* [About this exercise] Go through the entries below from the first line and output each one exactly, up to and including the line with "Maxi Chiffon Women's".

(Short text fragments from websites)
<<<<

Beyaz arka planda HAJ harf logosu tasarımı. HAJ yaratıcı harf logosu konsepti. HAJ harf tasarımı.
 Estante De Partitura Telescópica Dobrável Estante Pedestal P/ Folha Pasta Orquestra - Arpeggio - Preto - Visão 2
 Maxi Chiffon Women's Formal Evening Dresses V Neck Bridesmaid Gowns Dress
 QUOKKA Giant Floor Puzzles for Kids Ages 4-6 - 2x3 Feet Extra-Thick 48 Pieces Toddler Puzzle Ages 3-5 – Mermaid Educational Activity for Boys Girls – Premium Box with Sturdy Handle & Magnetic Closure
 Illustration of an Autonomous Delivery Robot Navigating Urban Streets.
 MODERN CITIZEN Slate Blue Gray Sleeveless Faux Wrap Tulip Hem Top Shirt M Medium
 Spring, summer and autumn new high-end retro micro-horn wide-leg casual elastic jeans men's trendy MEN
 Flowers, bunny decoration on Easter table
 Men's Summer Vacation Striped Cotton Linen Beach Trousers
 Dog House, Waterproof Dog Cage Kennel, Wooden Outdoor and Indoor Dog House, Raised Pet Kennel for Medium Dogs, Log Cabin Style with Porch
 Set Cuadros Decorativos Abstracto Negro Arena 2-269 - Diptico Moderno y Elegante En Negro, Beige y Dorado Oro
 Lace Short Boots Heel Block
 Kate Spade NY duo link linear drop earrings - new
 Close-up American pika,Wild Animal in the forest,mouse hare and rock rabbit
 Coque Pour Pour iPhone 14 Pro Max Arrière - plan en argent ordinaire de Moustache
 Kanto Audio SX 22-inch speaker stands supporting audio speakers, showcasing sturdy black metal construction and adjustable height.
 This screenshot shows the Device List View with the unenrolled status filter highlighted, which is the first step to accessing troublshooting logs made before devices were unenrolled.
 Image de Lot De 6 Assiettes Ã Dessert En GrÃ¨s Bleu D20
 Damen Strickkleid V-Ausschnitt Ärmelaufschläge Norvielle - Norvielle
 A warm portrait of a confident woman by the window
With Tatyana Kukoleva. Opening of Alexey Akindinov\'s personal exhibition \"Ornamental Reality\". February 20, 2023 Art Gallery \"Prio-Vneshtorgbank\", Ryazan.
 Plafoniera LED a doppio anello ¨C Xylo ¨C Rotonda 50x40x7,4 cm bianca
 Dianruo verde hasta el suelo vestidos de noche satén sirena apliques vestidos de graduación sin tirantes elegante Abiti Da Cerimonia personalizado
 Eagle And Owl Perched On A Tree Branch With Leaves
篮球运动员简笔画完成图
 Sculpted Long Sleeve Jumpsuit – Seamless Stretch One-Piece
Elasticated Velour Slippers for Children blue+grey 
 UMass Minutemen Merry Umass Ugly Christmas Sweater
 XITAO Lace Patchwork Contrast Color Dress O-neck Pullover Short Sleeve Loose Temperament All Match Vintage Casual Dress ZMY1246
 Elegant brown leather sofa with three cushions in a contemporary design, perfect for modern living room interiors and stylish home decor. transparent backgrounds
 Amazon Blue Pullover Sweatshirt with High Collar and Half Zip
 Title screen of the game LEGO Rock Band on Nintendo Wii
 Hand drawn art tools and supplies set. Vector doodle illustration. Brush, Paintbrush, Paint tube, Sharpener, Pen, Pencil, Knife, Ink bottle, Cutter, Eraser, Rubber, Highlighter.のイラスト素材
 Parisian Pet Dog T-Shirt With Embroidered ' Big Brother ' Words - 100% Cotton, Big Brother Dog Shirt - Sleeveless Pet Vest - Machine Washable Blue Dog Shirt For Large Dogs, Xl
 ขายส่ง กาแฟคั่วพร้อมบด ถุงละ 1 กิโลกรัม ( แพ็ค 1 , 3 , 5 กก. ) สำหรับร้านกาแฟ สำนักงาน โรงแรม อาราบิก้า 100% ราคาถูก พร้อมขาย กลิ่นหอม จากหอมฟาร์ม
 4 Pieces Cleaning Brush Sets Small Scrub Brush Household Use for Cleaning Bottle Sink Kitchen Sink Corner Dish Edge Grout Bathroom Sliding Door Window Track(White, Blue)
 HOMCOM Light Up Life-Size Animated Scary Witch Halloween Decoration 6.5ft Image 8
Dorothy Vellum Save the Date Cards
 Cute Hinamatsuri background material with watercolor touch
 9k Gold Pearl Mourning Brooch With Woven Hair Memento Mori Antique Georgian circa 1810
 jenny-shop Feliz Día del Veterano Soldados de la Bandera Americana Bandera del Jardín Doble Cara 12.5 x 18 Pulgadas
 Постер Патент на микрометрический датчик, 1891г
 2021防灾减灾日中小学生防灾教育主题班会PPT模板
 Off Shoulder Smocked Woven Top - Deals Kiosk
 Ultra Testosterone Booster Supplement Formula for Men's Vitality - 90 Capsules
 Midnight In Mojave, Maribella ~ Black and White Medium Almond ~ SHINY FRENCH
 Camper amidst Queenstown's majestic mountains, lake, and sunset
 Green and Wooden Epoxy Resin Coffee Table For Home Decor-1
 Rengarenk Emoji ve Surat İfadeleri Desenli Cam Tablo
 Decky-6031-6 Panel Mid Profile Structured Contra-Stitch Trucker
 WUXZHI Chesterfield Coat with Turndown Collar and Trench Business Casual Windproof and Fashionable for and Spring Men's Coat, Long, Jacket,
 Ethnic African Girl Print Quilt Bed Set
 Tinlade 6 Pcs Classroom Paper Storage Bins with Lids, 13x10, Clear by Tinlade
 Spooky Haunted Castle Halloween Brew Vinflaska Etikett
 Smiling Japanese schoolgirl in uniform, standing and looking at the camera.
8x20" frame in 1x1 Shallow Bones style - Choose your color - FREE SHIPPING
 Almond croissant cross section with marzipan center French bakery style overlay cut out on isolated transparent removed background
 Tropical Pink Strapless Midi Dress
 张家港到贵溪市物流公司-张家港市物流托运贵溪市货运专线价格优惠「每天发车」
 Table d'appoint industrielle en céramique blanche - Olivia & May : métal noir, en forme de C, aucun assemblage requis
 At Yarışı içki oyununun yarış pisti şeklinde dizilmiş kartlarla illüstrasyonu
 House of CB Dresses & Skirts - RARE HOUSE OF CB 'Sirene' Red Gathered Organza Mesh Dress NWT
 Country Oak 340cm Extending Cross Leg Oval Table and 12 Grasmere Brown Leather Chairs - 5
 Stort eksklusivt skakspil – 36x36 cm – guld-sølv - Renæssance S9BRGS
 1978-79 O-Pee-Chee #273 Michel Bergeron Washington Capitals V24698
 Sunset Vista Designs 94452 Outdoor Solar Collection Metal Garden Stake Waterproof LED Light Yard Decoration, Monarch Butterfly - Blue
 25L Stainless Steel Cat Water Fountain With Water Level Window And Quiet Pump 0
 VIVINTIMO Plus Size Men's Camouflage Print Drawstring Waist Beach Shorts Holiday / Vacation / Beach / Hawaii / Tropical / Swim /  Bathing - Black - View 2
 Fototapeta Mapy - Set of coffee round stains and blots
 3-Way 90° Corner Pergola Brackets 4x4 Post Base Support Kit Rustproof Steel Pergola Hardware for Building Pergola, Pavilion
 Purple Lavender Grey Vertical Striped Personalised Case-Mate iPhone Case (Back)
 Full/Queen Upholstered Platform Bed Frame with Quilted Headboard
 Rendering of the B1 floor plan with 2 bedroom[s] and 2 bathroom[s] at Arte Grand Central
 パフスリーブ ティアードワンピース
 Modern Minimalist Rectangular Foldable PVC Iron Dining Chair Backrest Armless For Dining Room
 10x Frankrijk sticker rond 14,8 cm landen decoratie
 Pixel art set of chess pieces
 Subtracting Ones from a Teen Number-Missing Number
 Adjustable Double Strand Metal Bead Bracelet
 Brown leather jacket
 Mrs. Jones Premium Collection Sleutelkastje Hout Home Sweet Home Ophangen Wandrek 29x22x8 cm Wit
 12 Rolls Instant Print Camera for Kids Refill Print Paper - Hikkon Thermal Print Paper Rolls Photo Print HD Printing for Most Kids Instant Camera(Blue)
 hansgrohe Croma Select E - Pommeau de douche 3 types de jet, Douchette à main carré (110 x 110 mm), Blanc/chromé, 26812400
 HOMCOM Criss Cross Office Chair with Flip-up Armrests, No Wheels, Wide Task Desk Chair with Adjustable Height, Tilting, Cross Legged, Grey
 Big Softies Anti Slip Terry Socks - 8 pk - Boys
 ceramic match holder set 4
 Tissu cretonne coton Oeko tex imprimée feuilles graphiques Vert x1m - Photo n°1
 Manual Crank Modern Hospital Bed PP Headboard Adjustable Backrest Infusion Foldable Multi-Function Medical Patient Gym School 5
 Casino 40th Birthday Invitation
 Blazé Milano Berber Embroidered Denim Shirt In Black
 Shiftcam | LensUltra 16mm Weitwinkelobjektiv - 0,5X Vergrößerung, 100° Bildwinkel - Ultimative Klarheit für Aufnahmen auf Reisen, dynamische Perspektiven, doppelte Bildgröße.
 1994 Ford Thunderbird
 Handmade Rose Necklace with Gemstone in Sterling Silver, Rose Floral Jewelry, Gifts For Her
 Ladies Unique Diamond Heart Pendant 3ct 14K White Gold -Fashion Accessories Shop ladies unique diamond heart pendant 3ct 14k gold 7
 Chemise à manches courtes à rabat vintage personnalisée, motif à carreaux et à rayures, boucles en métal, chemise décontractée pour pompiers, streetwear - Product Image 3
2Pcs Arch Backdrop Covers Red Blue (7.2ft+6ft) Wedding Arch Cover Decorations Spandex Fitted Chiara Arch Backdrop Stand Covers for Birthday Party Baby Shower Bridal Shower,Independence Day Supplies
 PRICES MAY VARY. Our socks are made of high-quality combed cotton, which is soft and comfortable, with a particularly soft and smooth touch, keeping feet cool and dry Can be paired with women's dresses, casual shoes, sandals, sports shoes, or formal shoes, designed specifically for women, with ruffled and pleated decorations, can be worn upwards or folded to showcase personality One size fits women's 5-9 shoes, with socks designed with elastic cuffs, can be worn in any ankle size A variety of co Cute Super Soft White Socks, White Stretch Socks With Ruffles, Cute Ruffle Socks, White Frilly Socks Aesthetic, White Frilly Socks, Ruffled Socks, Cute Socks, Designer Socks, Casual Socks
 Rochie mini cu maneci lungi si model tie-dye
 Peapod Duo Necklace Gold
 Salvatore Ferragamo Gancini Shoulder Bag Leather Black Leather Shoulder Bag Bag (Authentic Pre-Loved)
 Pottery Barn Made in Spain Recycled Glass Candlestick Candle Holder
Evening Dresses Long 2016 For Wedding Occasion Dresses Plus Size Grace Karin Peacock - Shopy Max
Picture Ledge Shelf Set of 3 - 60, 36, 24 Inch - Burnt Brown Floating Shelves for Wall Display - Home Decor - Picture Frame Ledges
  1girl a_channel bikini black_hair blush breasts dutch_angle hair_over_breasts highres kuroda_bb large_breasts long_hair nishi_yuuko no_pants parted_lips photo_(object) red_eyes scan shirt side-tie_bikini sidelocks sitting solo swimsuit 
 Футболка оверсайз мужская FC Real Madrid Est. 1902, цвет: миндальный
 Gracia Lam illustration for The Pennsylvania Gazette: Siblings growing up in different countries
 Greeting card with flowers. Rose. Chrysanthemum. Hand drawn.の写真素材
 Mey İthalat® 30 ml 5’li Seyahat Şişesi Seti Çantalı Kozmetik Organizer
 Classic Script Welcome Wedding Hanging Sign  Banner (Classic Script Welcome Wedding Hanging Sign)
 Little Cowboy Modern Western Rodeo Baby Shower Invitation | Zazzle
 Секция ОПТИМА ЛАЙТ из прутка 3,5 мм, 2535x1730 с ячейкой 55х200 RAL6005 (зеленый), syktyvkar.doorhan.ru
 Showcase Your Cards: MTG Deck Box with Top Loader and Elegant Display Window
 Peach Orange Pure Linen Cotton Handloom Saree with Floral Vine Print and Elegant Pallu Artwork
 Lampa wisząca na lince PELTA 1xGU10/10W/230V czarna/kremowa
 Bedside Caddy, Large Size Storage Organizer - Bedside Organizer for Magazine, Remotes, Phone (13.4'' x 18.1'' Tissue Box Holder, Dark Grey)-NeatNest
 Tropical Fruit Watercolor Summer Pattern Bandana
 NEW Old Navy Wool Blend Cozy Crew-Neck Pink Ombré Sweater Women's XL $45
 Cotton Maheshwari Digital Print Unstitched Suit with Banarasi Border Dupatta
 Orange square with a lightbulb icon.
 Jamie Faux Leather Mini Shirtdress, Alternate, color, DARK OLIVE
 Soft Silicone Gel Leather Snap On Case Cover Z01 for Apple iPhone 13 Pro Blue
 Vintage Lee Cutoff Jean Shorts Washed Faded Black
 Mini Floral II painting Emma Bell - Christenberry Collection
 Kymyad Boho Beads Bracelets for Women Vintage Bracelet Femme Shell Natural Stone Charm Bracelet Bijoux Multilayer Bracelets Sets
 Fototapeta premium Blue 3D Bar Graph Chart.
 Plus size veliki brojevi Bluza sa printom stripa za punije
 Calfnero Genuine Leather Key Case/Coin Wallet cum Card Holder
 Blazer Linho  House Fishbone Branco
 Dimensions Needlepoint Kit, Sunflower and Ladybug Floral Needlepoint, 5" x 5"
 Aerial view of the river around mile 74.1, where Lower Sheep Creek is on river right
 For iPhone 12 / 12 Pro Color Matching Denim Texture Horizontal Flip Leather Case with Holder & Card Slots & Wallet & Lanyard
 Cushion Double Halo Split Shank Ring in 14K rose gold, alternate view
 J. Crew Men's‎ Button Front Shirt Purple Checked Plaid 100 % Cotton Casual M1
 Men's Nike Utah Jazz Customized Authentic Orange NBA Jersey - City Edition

>>>>

* [Answer section]
Beyaz arka planda HAJ harf logosu tasarımı. HAJ yaratıcı harf logosu konsepti. HAJ harf tasarımı.
 Estante De Partitura Telescópica Dobrável Estante Pedestal P/ Folha Pasta Orquestra - Arpeggio - Preto - Visão 2
 Maxi Chiffon Women's Formal Evening Dresses V Neck Bridesmaid Gowns Dress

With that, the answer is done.